Chapter 121 - Dinner Conversation part 3

"Don't you want to stay and watch?" Lukas inquired as I rose to give him some privacy. He pushed his underpants down his thighs and sat on the portable potty chair I'd purchased for him several days ago. "You can experience my bowel movement vicariously," he taunted me, "just as you did when you were watching me eat."

"That won't be necessary," I said, stamping down on my outrage. Keeping my face neutral, I slipped out into the hallway.

"Wait a minute--! Oh, here it comes--!" he grunted toward my retreating back.

I shut the door firmly, ignoring his mocking laughter.

Vile cretin! I thought. Then I felt amusement, and I had to stifle a chuckle. No mortal man had ever challenged me so thoroughly.

I moved down the dark corridor.

I wanted music—if only to drown out the sounds of his elimination, which I could still hear through the intervening walls. I turned on a lamp, idled through my collection of phonographic recordings, settling on Brahms' Tragic Overture, Op.81. 

No one knows for what exact purpose the Tragic Overture was designed—some thought Faust-- but the sonata is rich and energetic. I set the needle into the groove and retired to my sofa, closing my eyes to drink in the music.

To kill or not to kill, that is the question, I thought, paraphrasing the Bard.

Better yet: "Know yourself, vampire. When you strip away all vanity, you will find that your questions are only the truths you are unwilling to accept."

That advice from a mortal princess I once loved, many hundreds of years ago. Her name was Nina, after the Babylonian goddess of fertility. She is gone now, of course. Gone like all the others. Gone now to dust, like the lovers of my mortal span: Eyya, Nyala. Yes, even Brulde. Gone like my radiant Julia, who died with the city of Pompeii. Gone like my first vampire child, Ilio, and the blood drinker he made after his heart, his gentle bride who was called Priss. All of them dead and gone but for Zenzele, devoured by the insatiable maw of time.

And what strange continent did my Zenzele now roam? What music was she listening to at this very moment? If I know her, it is the piping of the wind or a chorus of crickets, or perhaps the rhythmic crash of ocean waves on some distant moonlit beach.

Zenzele, who is as hard and timeless as I. My soul mate. My female counterpart in this dark and empty universe. If I could move to her by some flourish of magic, I would fly to her with open arms. I needed her counsel, perhaps more than I ever needed it before. She might have been able to reason with me, talk me out of the mad schemes that kept whirling through my mind. At the very least, her company would distract me from my dubious contemplations. 

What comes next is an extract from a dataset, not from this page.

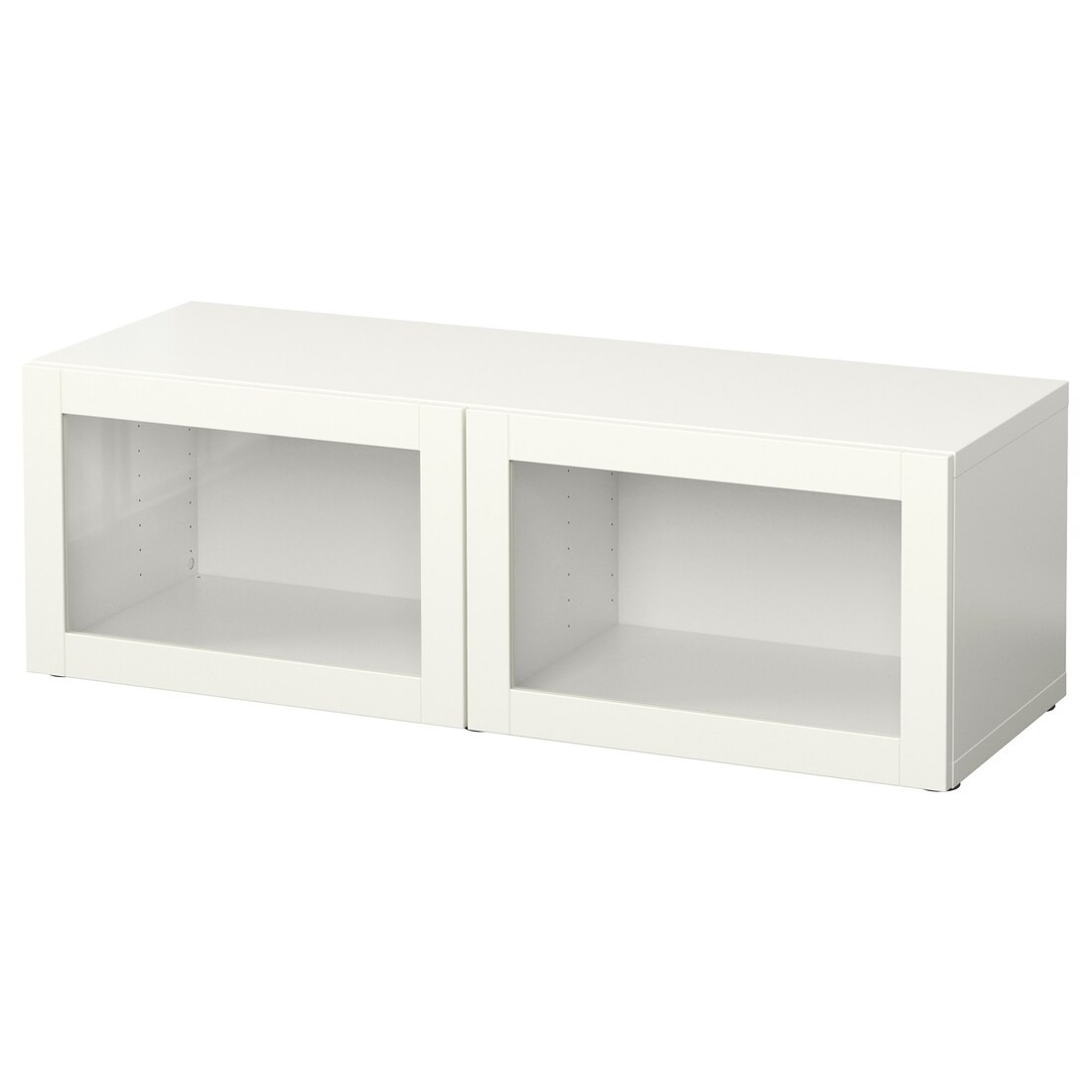 IKEA BESTÅ БЕСТО Шкаф-витрина, белый / Sindvik белое стекло прозрачное, 120x42x38 см 99047659 990.476.59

To kill or not to kill… but who did I plan to kill?

That was the question.

If only my love were here to guide me. But Zenzele is lost to me, no less than all the others. She had begged me, two hundred years ago or so, to release her from the chains of my love for her. This was just before I settled here in Liege. She needed her freedom, she'd said. Some time apart. She promised to return. And I let her go. Of course I did. And she had drifted out of my life just as she so often drifted into it, always with her the need to be free, even from the bonds of adoration.

She would return to me. In another hundred years, another thousand. When her loneliness outweighed her desire to wander unfettered through the world, she would return. To me. To the home I kept for her in my heart.,

But would it be too late this time?

Perhaps… it was already too late.

You see, a terrible, selfish plan was incubating in my mind. I was about to do something wicked and evil, and though I pretended to debate this mad and half-formed scheme, I knew.

I had already committed myself.

Yet, I prayed that Zenzele would come... that she'd come and save me from myself!